Cuando mi comunidad se enteró de que estábamos siendo envenenados, nos defendimos. Escribimos cartas al gobierno y organizamos protestas pacíficas. Con el apoyo de mi comunidad, fundé el Center for Justice, Governance, and Environmental Action (CJGEA) con el propósito de responsabilizar al Estado y a las corporaciones con respecto a garantizar un medioambiente limpio y saludable.
En febrero del año 2016, el CJGEA acudió a los tribunales presentando demandas contra seis agencias estatales y dos entidades corporativas. No pasó nada. Un año más tarde, cuando divulgamos anuncios públicos en los periódicos locales sobre nuestra intención de demandar a las dos corporaciones, se desató el infierno.
A pesar de los asesinatos de Berta e Isidro y de tantos otros, no tomé plena conciencia del peligro que conlleva el desafiar a una poderosa operación respaldada por el gobierno. Pronto, recibí una escalofriante llamada telefónica advirtiéndome que debía vigilar cuidadosamente a mi hijo. Los activistas ambientales dentro de la comunidad fueron atacados, sus casas rodeadas de matones blandiendo machetes. El hijo de un aliado cercano fue secuestrado por hombres no identificados – y, afortunadamente, fue posteriormente liberado.
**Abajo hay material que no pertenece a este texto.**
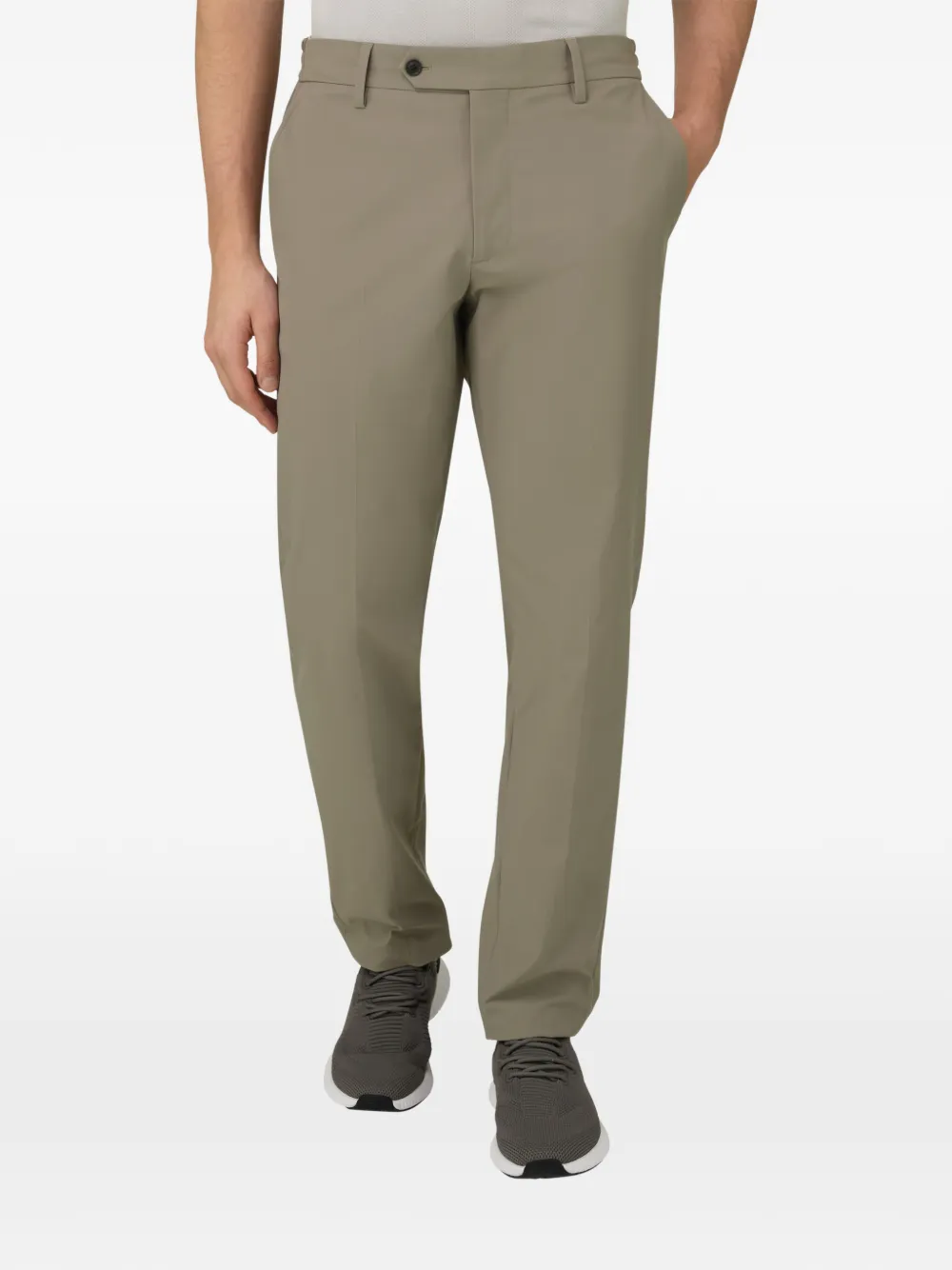  Boggi Milano Elasticated Technical Trousers - Neutrals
Se pudiese esperar que el Estado proteja a sus ciudadanos de tales tácticas, si bien en primer lugar no los protegió de ser envenenados. No rompimos las leyes; por el contrario, hemos respetado la constitución de Kenia, que garantiza los derechos de los ciudadanos a un medioambiente seguro y saludable. Pero tal vez no debemos sorprendernos por el comportamiento del Estado. Al fin y al cabo, en el año 2015, el gobierno de Kenia votó en la Asamblea General de la ONU, junto con otros 13 países, contra una resolución de las Naciones Unidas que hace un llamamiento a la protección de los defensores de los derechos humanos.
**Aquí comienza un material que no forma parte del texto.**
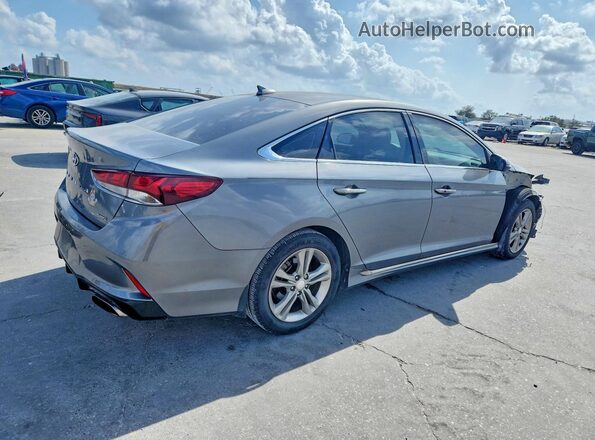 5NPE34AF0JH680557 2018 HYUNDAI SONATA Серый Задняя правая четверть
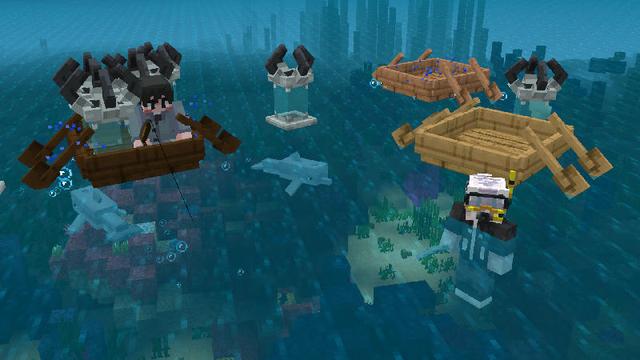 Screenshot of the Minecraft Bedrock Marketplace product Gadgets Add-On created by Red Eagle Studios.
La naturaleza proporciona lo suficiente para las necesidades de todos, pero no para la codicia de todos. A medida que los recursos naturales se hacen más escasos, las tierras exuberantes y ricas en minerales de África se están tornando en cada vez más lucrativas para los inversores que buscan maximizar sus ganancias. No obstante, si bien los gobiernos deben acoger las oportunidades de crecimiento económico y creación de empleo, no deben permitir que las empresas dañen el medio ambiente y amenacen la salud y los medios de subsistencia de los habitantes.
Como lo demuestran historias similares a las de Berta, Isidro y la mía, ya no podemos depender de los organismos estatales, como la policía nacional, para garantizar este resultado, y mucho menos para investigar y enjuiciar los crímenes contra el planeta y contra los que luchan por él. Es por eso que el mundo necesita un órgano legal independiente, reconocido internacionalmente, al que las comunidades y activistas puedan recurrir para abordar los crímenes ambientales.
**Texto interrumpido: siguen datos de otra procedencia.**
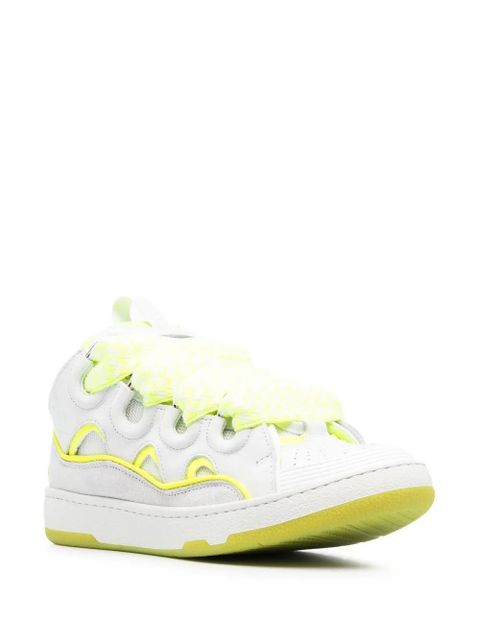 Lanvin Curb panelled lace-up sneakers - White - zdjęcie produktu nr 2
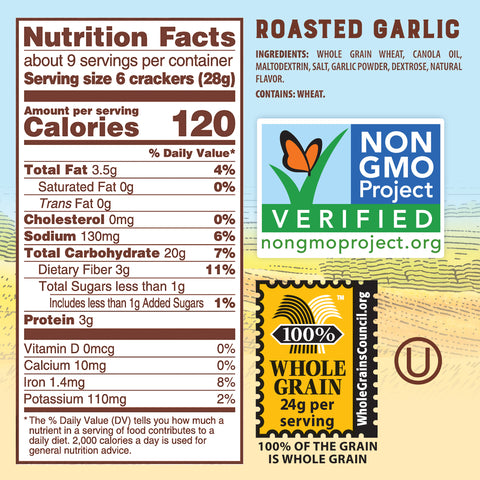 Triscuit Roasted Garlic Whole Grain Wheat Crackers, 8.5 oz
El nombramiento en marzo del año 2012 del primer relator especial de la ONU sobre derechos humanos y medio ambiente fue un paso positivo. Pero necesitamos un sistema con poder de acción. Hace veinte años, se creó la Corte Penal Internacional para procesar crímenes de guerra y crímenes de lesa humanidad. Un tribunal similar debería hacer lo mismo en el caso de crímenes contra el medio ambiente y sus defensores.
Silenciar a las voces que luchan por mantener las leyes y reglamentos ambientales es autodestructivo. Las personas y el planeta están muriendo. Aquellos que luchan por prevenir esas muertes merecen protección, no merecen convertirse en bajas que acrecientan aún más el número de víctimas.